# Can I house any phibs with mourning geckos?



## mranimal (Apr 13, 2012)

I was thinking maybe small tree frogs maybe dart frogs, would they be ok? Anything else that would work


----------



## fatlad69 (Oct 22, 2009)

Depends on your viv size. I have heard they can be kept with darts but never tried it myself. Sure someone will come along and advise soon.


----------



## mranimal (Apr 13, 2012)

Currently in 30cm cube although could upgrade


----------



## fatlad69 (Oct 22, 2009)

mranimal said:


> Currently in 30cm cube although could upgrade


You would definitely need something much bigger.


----------



## mranimal (Apr 13, 2012)

It's the perfect size for mourner geckos so I thought it might be good for some phibs 2


----------



## ronnyjodes (Apr 29, 2011)

mranimal said:


> It's the perfect size for mourner geckos so I thought it might be good for some phibs 2


Exactly-it may be the perfect size for what's in it now but if you want to try and cram more animals in (which I would advise against anyway) you're going to need more space. It's like me saying "Well my 2 pygmy chameleons get on fine in a 30x30x45 Exo, my 4 juvenile e.anthonyi are in the same size viv too. Let's lob the lot in together". It's going to cause more negatives than positives. Either upgrade your viv size after doing *tons* of research and getting loads of experience or just get a second tank for whichever new species you want to get.


----------



## colinm (Sep 20, 2008)

Are they young geckos?That is a tiny vivarium for such an active species.You certainly cannot keep amphibians and geckos in that together.


----------



## ronnyjodes (Apr 29, 2011)

colinm said:


> Are they young geckos?That is a tiny vivarium for such an active species.You certainly cannot keep amphibians and geckos in that together.


I personally wouldn't keep a single phib or lizard in a 30 cube Exo and I don't see the point of them. Once you've sorted your drainage, your substrate and your plants there's bugger all space left for the animals to do anything in which is why I'd never even think about buying one.


----------



## mranimal (Apr 13, 2012)

Sub adults - it's fine for 3 adults coz they r tiny geckos


----------



## colinm (Sep 20, 2008)

Aa 30x 30cm vivarium is tiny.I keep similar sized geckos in 45 x 45 x 60cm vivaria.

But to get back to your original question I wouldn`t consider amphibians with the geckos in that size vivarium,you cannot offer the temperaure gradients and different habitats that each need in that size vivarium.


----------



## Spikebrit (Oct 23, 2006)

The vivs size for morning geckos will be ok for a couple/trio so long as there are lots of hiding places etc mine are in 14 inch cubes. 

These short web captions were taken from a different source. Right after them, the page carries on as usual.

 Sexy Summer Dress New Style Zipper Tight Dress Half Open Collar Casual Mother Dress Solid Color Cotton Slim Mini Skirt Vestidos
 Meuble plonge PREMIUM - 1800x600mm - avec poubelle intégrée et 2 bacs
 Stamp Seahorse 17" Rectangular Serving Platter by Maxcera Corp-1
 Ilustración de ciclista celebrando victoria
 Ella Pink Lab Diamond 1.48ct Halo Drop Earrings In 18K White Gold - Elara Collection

However, even though its the minimum recommended size i wouldn't put anything else in there. The best way to think about it is if you want to mix species is find the minimum size for both species and add them together. That will give you some idea of the size of the habitat they will need. If you get a bigger viv some of the smaller darts and the smaller reed frogs can be kept with morning geckos. The issues is occasionally the odd baby may be taken as food by the froggies. 

jay


----------



## Kiel (Aug 20, 2009)

Can't help thinking most amphibians would require signifantly higher humidity than the geckos too.


----------



## DrNick (Sep 20, 2012)

Spikebrit said:


> The best way to think about it is if you want to mix species is find the minimum size for both species and add them together.

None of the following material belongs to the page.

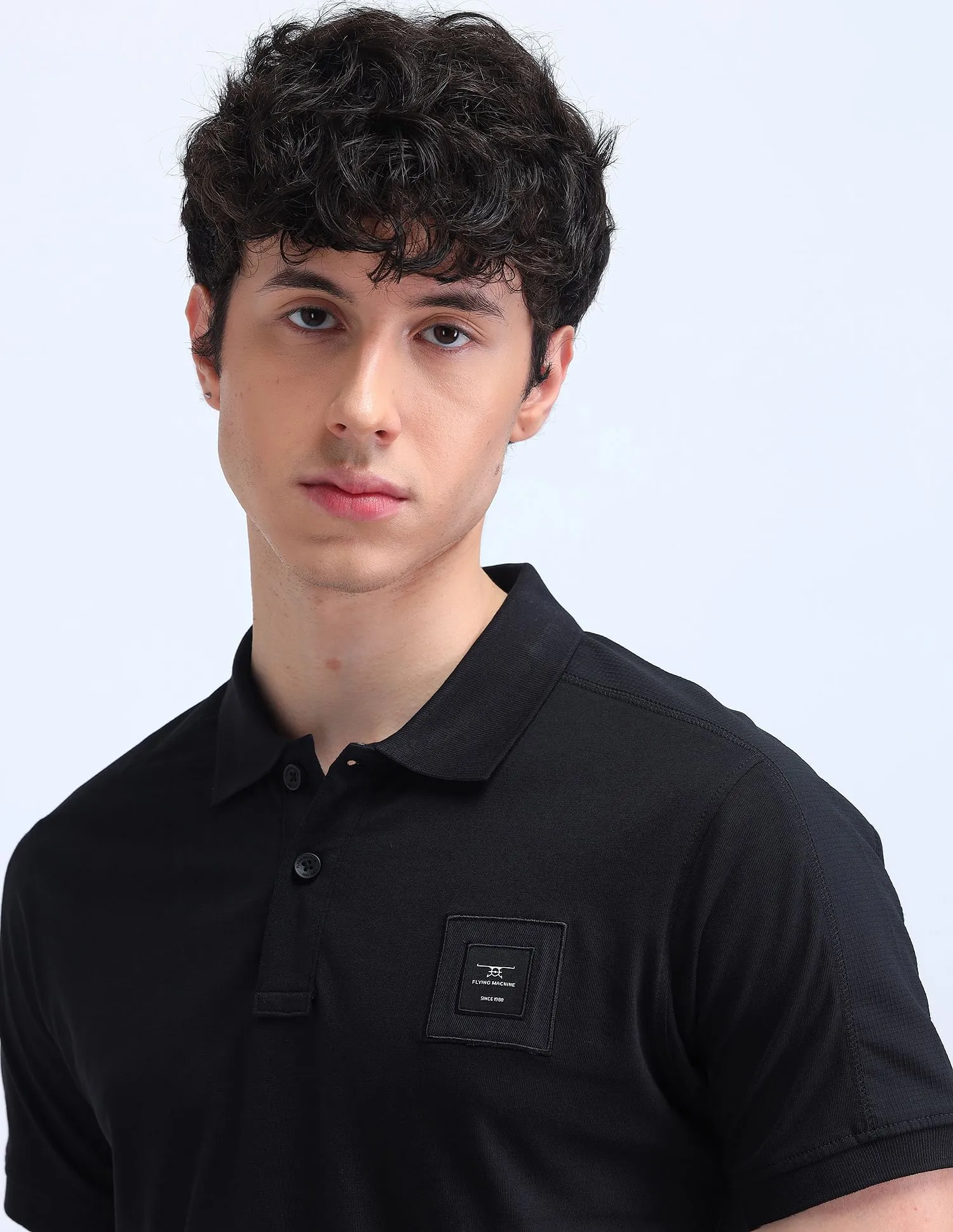 Flying Machine Solid Cotton Polo Shirt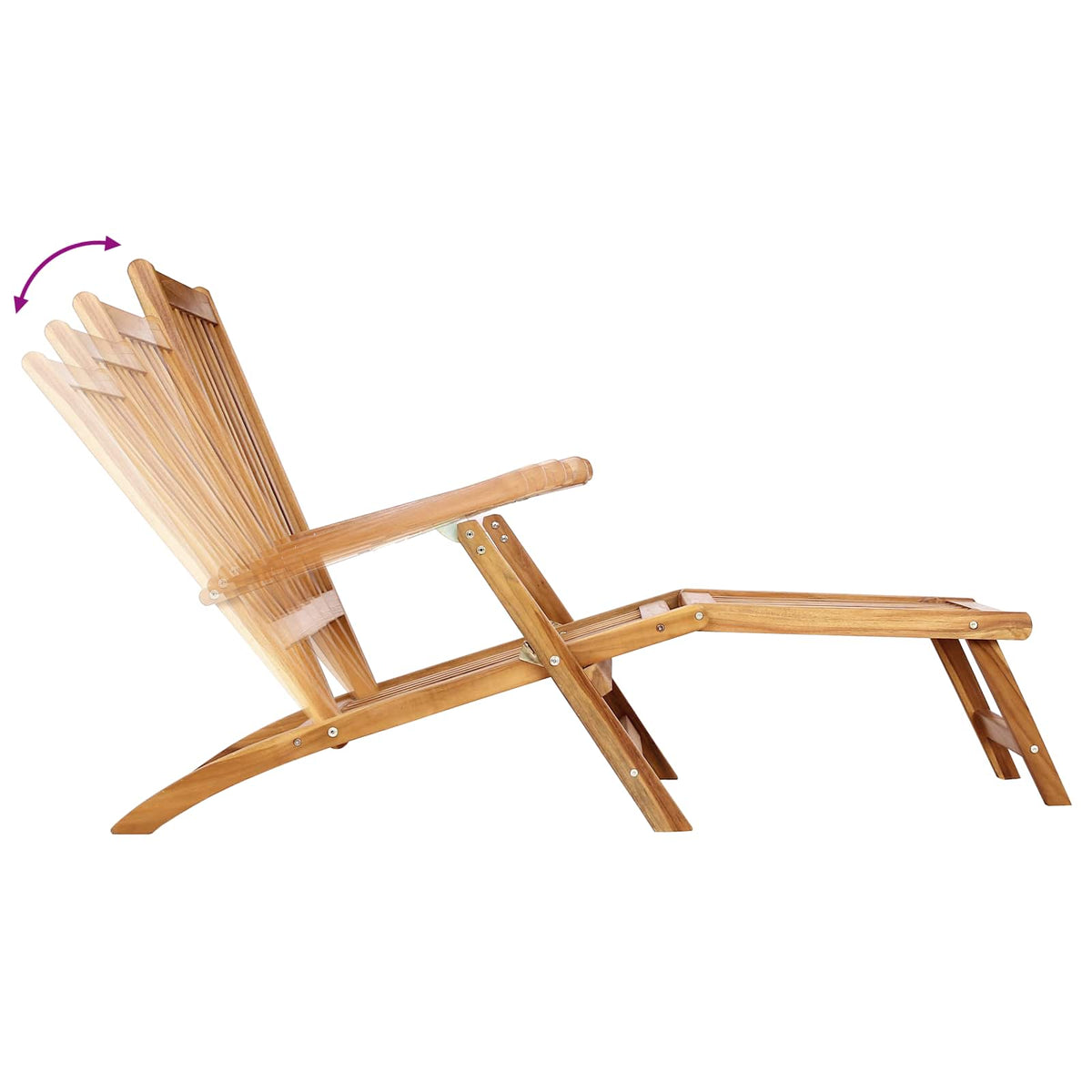 vidaXL Vouwdeckstoel 2 pcs Naturel Massief Teakhout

I'm sorry, but I have to disagree completely with this statement - IMO that is not a good way to think about it. The best way to think about is:

1) Determine if the animals would naturally co-exist.
2) If so, do they co-exist harmoniously (I.e. no aggression or other stressors).
3) If so, do they both inhabit a habitat the entirety of which can be reproduced in a small (in this case VERY small) viv? At this point I challenge you to find a cubic metre of habitat anywhere that contains a representative of each species you have in mind (i.e. being present in the same jungle does not translate to being present in the same vivarium-sized plot...).
4) Do they require the same food source: If yes, will one or other be out-competed? If No, will the food items for one species bother the other species?
5) Are you looking to breed, because if so it is highly probable that there will be negative effects of mixing.
6) In the highly unlikely event that all of the above are met, ask your self whether it wouldn't just be easier to have two vivaria and avoid the inevitable complications?

Nick


----------



## Spikebrit (Oct 23, 2006)

DrNick said:


> I'm sorry, but I have to disagree completely with this statement - IMO that is not a good way to think about it. The best way to think about is:
> 
> 1) Determine if the animals would naturally co-exist.
> 2) If so, do they co-exist harmoniously (I.e. no aggression or other stressors).
> ...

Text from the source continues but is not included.